Comenzaron la «Salita Azul» del jardín de infantes 908 cuando tenían tres años y, a partir de ese momento, nunca más se separaron. Ahora, en el último año de la secundaria, compartían la aspiración de estudiar sus carreras y de transitar la vida universitaria juntos, como el destino lo había predicho. Por lo menos así lo creía la inocencia de Clara.

—Nunca digas nunca, Clarita —respondió Simón entre risas capciosas, que en el fondo sospechaba las intenciones de su amada amiga.

No quería confundir las cosas. Pronto emprenderían una nueva aventura que los esperaba en La Plata, la bella ciudad de las diagonales que se repletaba de una flamante juventud. Quería probar algo distinto. Conocer gente nueva con quien entablar otras relaciones. No es que no quisiera a Clarita, pero deseaba abalanzarse hacia lo desconocido.

«¿Y si la pierdo?», pensó Simón por unos instantes. «Lo dudo, Clarita jamás se alejaría de mí».

—¿Mañana a la misma hora? —preguntó.

—¡Sí, Simón!¡Por supuesto! Vos y tus preguntas que me descolocan. A veces tengo la sensación de que a estos atardeceres no le quedan mucho tiempo.

—Clarita, Clarita… vos y el tiempo.

—Sí, Simón, el tiempo y yo. Así son las cosas. El tiempo vale oro y tengo tantas cosas por hacer.

—¿Siete menos cuarto? —dijo Simón.

—Claro. Te espero con el amargo —expresó Clarita, mientras veía a su amigo alejarse con ese andar tan simpático.

¡Rojizo! Tengo que confesarte algo: Creo que los celos me están matando. ¿Es malo pensar de esta manera? Hace días que este sentimiento horrible se apoderó de mí y me estruja la panza. Nunca creí que fuese capaz de crear este monstruo que convive conmigo.

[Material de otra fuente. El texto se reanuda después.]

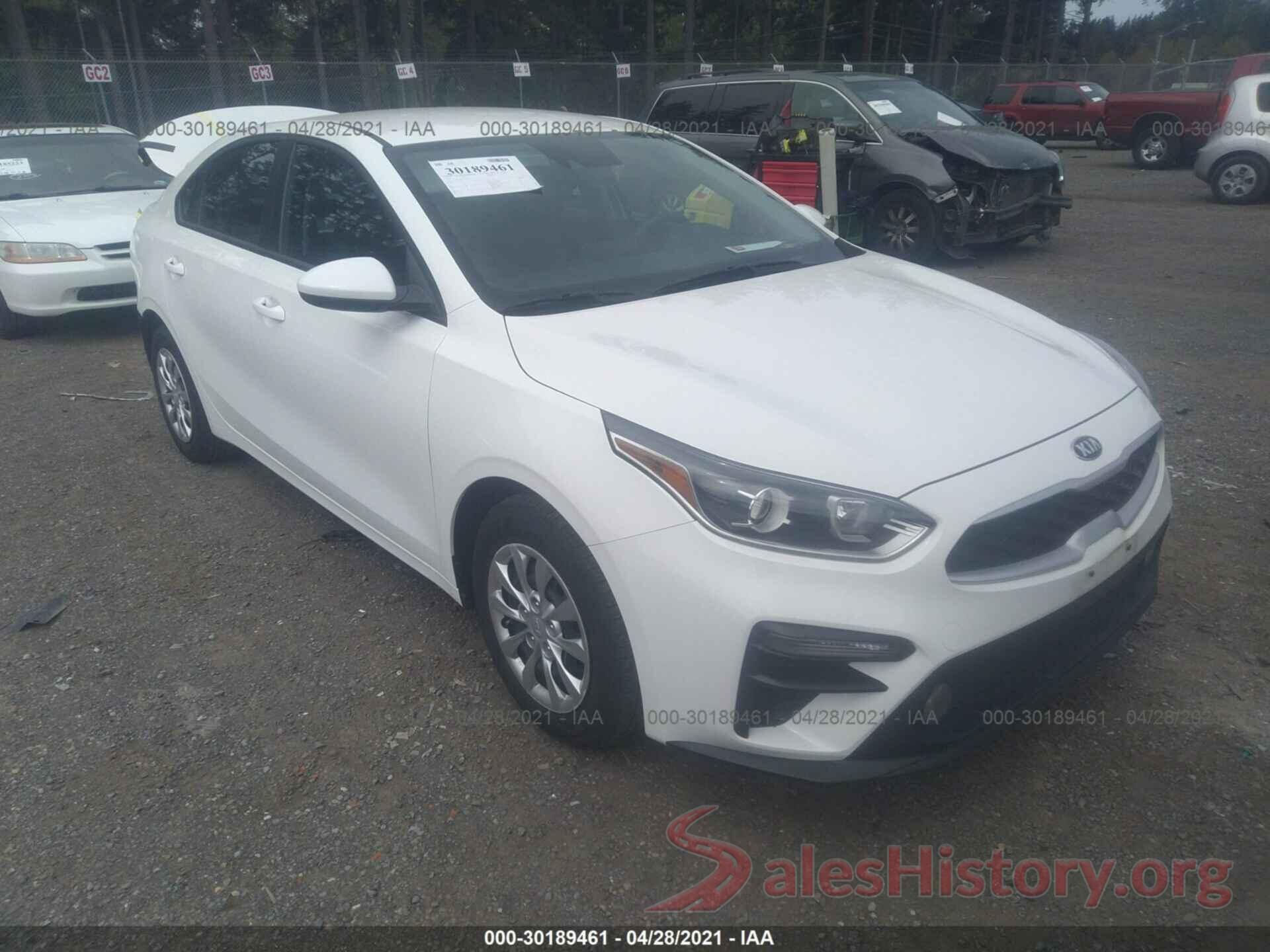 3KPF24AD3LE158292 2020 KIA FORTE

Los celos, Rojizo, son una respuesta emocional que surge cuando una persona percibe una amenaza hacia algo que considera suyo. Me apena este modo de ver las cosas y aún busco resolver cuándo floreció esta desagradable sensación.

Dicen que es inherente a la naturaleza humana y que representa una de las emociones más esenciales y, al mismo tiempo, una de las más oscuras, dañinas e incómodas que existen.

Pero no consigo descifrar el momento en que ocurrió. Ahora regreso, Rojizo. Mamá me llama para cenar…

Por lo general, antes de cada cena, Clara aprovechaba el momento, encerrada en su cuarto, para redactar y soltar lo que no salía en palabras.